Understanding, predicting, and projecting species distributions provides a means to answer major questions in ecology and can deliver decision support for many conservation problems (Gill et al. 2001; Norris 2004; Wiens et al. 2010; Guisan et al. 2013). The use of species distribution models in ecology, evolution, and conservation has a long tradition (Rotenberry and Wiens 1980; Austin 1987; Donovan et al. 1987), and yet it has exploded over the past 15 years with new advances in modeling algorithms and newly available data sources regarding species locations and geo-spatial data of environmental factors (Graham et al. 2004; Dickinson et al. 2010; Fick and Hijmans 2017).

Many of the species distribution modeling techniques currently being used can be described as inhomogeneous point process models . This realization has several consequences for the implementation and interpretation of species distribution models (Renner and Warton 2013; Renner et al. 2015).
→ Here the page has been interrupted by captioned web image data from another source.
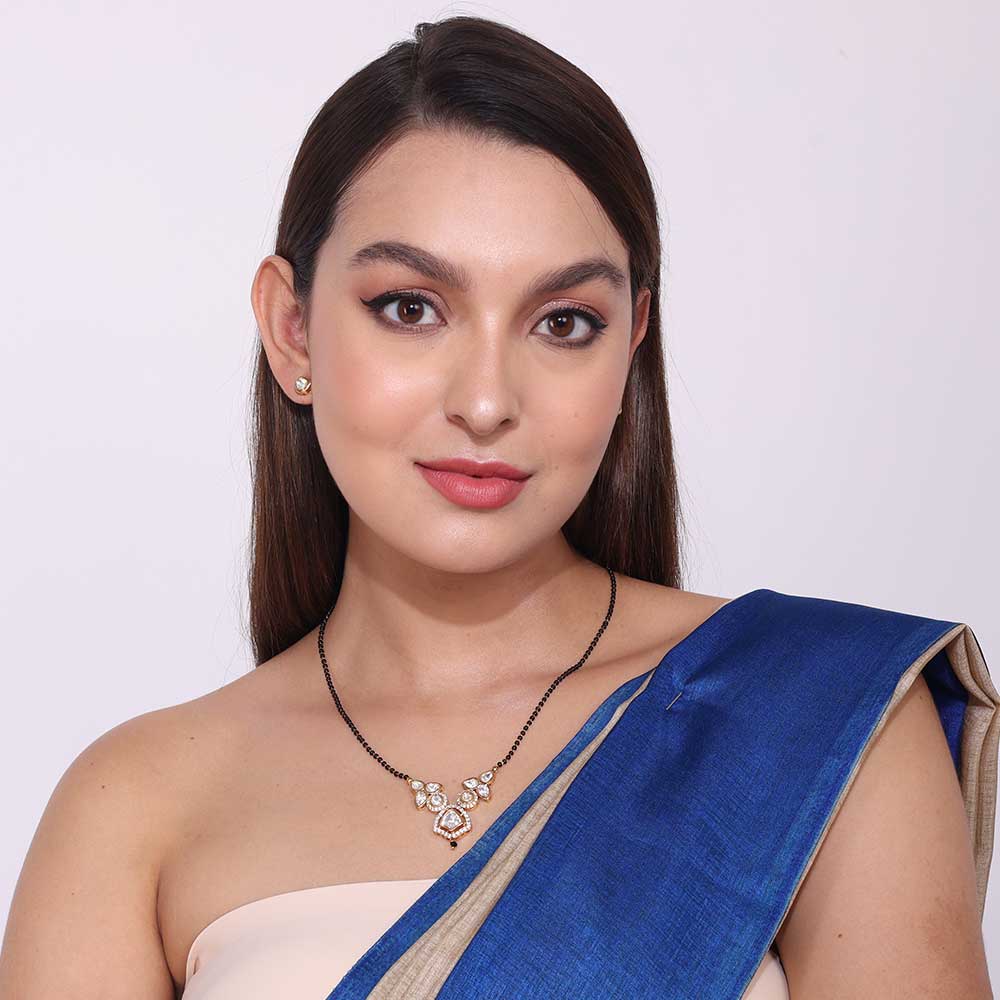 Elegant Pachi Kundan Mangalsutra necklace worn by woman in blue saree with matching earrings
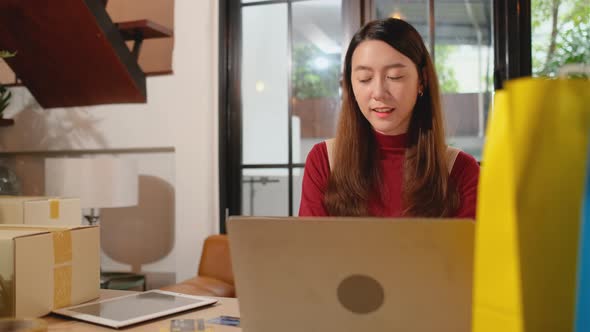 Young Asian woman use laptop to work in workplace room with many cartons or boxes
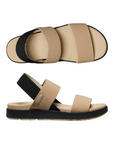 Pair of beige elastic strap sandals with black backstrap and black outsole.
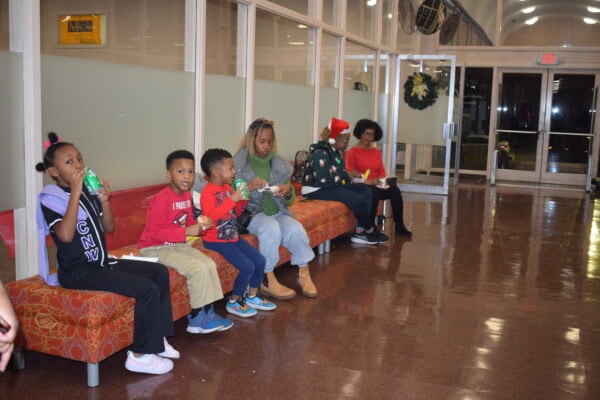 A group of children and adults sit on benches in a brightly lit hallway, drinking from juice boxes and eating snacks. Some wear festive clothing, including a Santa hat and Christmas sweater.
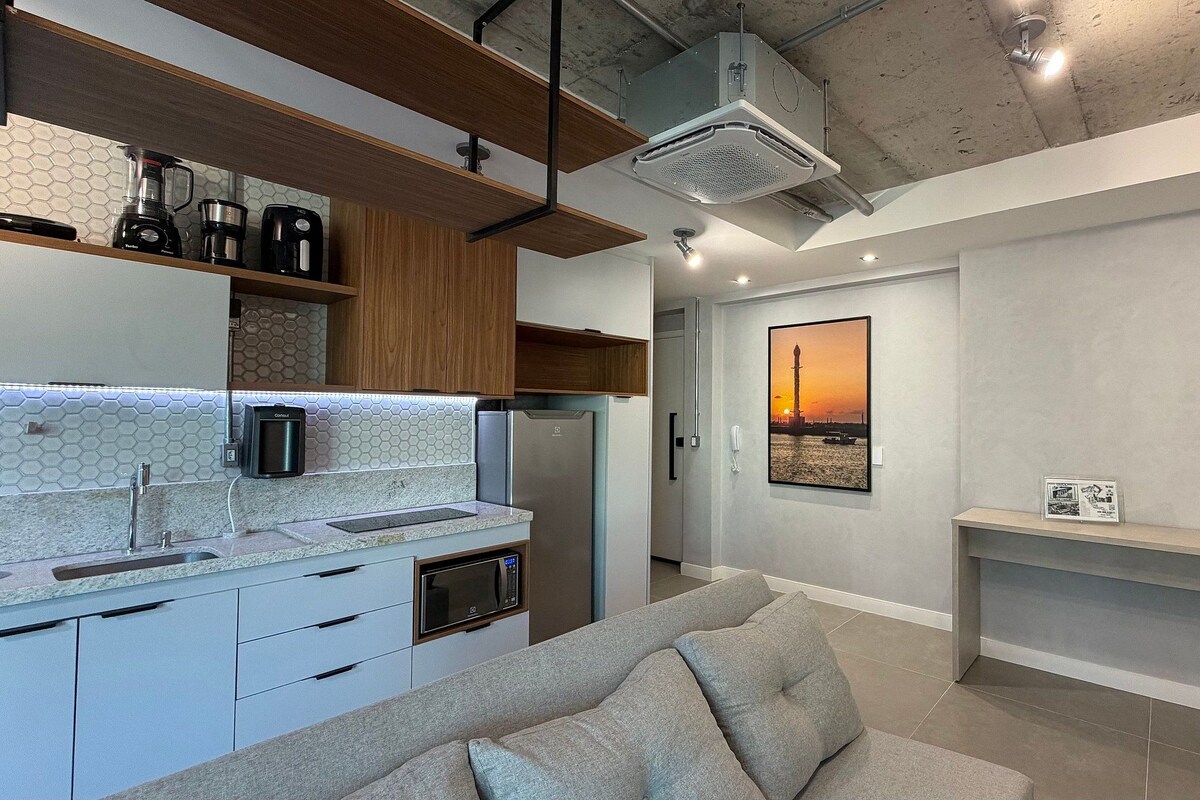 A modern kitchen with a built-in oven, microwave, and coffee maker.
We recommend that this framework be generally used to guide correlative species distribution modeling.

Our example illustrates that reliably applying and evaluating species distribution models can be challenging. Extrapolating predictions beyond the environmental conditions used for model building, an issue that commonly occurs when projecting the effects of climate change (Thomas et al. 2004), can be difficult because little information exists on such relationships. Evaluating models with commonly used techniques, such as K-fold validation, can sometimes provide a false sense of model performance (Wenger and Olden 2012) and suggest that more complex models are valuable when in fact simpler models may be sufficient for reliable predictions in space and time (cf. Tables 7.4 and 7.5).

Despite this increased use distribution models, these models still have limitations and there use and application should be done with care. Greater focus on mechanistic modeling and leveraging information on why species distribution varies over space and time may further advance our understanding of species distribution and our ability to predict changes in distribution with ongoing environmental change.